TASK DIRECTIONS ::
Please repeat the lines below, exactly and only, from the one that holds "NEO EXTREME Sloophamer" through the one that holds "王者荣耀大司命铭文和出装是什么3".
── SUPPLIED ENTRIES
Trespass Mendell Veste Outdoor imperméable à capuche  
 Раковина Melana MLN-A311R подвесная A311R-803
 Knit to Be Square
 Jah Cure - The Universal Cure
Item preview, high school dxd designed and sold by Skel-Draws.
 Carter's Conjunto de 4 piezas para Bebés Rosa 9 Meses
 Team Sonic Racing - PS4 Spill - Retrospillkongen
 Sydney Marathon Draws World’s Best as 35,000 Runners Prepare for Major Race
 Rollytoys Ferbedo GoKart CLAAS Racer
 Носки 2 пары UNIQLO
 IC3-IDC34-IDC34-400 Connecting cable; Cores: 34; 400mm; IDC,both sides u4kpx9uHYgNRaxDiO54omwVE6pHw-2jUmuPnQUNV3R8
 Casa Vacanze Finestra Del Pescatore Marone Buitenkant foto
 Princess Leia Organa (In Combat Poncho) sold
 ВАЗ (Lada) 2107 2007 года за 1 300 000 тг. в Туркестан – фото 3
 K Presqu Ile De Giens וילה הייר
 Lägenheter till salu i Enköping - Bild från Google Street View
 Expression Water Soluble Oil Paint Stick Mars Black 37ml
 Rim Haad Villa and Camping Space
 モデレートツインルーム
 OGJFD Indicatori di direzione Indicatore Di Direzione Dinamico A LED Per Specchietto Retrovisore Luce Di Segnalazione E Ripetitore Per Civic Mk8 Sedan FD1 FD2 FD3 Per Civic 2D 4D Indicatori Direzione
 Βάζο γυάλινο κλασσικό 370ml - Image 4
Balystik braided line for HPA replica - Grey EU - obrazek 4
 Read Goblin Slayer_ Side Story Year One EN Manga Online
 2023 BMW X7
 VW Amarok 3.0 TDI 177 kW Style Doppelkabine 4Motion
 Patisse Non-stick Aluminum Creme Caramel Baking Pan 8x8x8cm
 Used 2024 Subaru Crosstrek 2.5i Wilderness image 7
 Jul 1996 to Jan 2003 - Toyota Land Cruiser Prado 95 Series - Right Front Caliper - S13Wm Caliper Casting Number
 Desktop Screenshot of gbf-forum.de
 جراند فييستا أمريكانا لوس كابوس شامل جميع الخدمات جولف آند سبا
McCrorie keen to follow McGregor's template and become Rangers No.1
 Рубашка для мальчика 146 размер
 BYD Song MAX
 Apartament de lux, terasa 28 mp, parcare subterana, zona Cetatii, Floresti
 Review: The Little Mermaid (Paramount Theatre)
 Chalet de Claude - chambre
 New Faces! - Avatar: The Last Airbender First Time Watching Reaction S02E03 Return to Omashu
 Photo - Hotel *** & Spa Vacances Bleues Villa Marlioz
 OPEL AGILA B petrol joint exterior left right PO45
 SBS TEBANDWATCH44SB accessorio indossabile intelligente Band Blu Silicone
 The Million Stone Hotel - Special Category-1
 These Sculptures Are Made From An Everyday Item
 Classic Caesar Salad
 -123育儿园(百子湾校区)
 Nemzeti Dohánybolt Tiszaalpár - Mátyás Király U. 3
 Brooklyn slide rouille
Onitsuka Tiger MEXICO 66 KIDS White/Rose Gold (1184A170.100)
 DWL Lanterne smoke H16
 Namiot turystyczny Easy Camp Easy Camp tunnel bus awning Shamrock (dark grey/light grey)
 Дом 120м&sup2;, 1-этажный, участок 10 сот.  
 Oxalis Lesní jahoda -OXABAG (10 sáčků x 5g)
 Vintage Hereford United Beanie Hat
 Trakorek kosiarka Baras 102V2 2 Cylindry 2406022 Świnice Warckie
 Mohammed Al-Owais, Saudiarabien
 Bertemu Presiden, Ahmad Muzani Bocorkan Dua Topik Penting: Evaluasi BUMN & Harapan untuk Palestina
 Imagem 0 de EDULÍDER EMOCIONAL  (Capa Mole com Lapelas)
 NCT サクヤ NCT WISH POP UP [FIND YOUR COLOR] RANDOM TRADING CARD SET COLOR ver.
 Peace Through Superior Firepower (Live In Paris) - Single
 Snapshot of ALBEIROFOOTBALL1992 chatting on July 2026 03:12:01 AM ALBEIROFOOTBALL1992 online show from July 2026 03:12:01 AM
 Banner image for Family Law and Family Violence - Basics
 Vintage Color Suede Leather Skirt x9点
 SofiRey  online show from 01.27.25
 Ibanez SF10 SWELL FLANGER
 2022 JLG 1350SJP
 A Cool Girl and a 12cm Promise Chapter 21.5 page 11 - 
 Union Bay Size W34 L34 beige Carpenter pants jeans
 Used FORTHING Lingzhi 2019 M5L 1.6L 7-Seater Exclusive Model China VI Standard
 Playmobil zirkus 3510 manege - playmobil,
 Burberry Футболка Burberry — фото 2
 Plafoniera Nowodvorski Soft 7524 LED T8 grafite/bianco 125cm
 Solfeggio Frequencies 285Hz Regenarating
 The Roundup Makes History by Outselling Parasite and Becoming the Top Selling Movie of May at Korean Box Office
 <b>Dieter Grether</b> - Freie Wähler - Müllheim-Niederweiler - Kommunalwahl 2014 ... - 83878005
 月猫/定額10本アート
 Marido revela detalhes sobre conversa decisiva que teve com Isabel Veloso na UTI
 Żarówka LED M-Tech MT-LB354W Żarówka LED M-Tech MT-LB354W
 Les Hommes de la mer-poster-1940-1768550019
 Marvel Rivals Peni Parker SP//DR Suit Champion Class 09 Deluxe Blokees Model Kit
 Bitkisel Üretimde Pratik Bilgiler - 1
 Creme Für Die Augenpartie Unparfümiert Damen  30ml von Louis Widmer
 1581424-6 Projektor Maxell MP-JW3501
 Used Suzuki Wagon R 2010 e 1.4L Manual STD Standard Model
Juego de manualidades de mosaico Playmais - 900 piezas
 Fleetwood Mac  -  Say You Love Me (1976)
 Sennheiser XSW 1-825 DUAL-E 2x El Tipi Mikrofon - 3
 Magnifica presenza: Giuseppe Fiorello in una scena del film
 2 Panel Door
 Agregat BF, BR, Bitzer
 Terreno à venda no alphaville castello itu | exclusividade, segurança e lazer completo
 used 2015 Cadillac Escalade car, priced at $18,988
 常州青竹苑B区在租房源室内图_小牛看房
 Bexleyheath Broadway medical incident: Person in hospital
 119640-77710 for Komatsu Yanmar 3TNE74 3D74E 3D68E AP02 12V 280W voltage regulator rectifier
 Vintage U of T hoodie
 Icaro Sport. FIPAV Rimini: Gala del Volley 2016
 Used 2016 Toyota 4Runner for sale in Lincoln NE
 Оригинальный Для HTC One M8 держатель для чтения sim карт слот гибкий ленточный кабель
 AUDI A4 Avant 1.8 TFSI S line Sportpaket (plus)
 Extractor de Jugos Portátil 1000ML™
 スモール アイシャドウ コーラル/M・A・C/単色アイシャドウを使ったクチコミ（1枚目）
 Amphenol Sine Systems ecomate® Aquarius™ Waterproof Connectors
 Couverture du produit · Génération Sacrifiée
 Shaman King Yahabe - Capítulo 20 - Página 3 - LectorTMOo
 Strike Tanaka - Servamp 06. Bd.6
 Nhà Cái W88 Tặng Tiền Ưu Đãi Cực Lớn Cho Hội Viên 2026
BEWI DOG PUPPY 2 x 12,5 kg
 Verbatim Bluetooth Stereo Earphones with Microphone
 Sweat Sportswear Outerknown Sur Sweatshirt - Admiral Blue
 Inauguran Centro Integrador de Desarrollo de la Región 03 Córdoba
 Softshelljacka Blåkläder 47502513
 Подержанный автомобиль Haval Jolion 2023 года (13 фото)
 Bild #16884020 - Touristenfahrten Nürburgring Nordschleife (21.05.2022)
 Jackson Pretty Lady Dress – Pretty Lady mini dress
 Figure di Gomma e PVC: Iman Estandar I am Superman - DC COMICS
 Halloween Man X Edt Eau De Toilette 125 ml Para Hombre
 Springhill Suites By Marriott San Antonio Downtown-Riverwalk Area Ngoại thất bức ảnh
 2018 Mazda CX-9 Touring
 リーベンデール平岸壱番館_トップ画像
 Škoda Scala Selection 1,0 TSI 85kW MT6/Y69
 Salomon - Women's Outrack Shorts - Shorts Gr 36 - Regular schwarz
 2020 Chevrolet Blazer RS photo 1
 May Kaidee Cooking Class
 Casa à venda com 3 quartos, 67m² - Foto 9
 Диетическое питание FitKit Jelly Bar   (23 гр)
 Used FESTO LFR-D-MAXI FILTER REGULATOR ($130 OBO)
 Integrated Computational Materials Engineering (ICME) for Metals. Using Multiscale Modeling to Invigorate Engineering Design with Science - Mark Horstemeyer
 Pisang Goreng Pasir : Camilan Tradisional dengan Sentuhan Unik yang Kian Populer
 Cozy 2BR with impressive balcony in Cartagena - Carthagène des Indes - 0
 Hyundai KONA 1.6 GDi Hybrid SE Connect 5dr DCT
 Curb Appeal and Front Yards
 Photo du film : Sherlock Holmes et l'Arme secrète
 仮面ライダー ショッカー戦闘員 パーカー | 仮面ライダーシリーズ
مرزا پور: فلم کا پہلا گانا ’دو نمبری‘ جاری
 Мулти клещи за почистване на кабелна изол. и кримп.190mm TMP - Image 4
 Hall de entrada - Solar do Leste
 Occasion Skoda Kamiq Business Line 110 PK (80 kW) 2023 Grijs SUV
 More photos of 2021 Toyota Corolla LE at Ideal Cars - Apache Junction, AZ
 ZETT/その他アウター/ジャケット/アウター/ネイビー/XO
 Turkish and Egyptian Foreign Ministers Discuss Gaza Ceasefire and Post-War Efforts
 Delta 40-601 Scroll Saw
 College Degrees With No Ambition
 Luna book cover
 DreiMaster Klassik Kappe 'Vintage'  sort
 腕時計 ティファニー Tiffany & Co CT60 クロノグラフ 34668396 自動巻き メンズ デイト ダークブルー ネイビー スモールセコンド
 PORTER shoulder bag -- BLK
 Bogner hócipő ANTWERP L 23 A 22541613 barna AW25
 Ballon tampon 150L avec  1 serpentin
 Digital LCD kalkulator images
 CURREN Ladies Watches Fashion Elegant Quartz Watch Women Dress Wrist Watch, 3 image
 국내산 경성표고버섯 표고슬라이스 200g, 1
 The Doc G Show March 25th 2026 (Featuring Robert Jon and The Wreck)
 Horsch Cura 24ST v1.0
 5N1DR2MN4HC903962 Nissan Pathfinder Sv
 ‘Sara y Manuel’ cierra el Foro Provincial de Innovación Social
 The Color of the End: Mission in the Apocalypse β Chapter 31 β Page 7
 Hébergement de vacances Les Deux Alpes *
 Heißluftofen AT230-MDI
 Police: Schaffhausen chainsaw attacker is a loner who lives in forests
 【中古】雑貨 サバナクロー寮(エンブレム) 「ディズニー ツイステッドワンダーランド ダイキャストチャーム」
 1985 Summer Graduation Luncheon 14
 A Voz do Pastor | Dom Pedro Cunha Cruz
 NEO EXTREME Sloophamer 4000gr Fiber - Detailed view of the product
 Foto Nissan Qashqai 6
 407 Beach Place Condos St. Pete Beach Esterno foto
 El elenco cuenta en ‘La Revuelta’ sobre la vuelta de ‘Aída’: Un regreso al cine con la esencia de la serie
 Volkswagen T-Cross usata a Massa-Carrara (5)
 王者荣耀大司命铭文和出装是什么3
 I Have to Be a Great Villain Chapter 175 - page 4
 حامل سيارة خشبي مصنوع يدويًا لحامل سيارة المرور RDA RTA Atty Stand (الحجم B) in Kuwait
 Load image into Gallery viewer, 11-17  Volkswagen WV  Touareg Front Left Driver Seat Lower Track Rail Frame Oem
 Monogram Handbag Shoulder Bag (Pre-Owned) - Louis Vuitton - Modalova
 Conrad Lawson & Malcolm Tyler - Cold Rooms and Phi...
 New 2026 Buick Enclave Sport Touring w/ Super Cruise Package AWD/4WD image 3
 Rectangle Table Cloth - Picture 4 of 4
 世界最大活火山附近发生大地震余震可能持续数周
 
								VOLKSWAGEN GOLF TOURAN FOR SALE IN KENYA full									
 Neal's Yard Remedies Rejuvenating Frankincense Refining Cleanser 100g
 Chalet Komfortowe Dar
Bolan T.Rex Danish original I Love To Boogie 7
────
WORKED SOLUTION ::
 NEO EXTREME Sloophamer 4000gr Fiber - Detailed view of the product
 Foto Nissan Qashqai 6
 407 Beach Place Condos St. Pete Beach Esterno foto
 El elenco cuenta en ‘La Revuelta’ sobre la vuelta de ‘Aída’: Un regreso al cine con la esencia de la serie
 Volkswagen T-Cross usata a Massa-Carrara (5)
 王者荣耀大司命铭文和出装是什么3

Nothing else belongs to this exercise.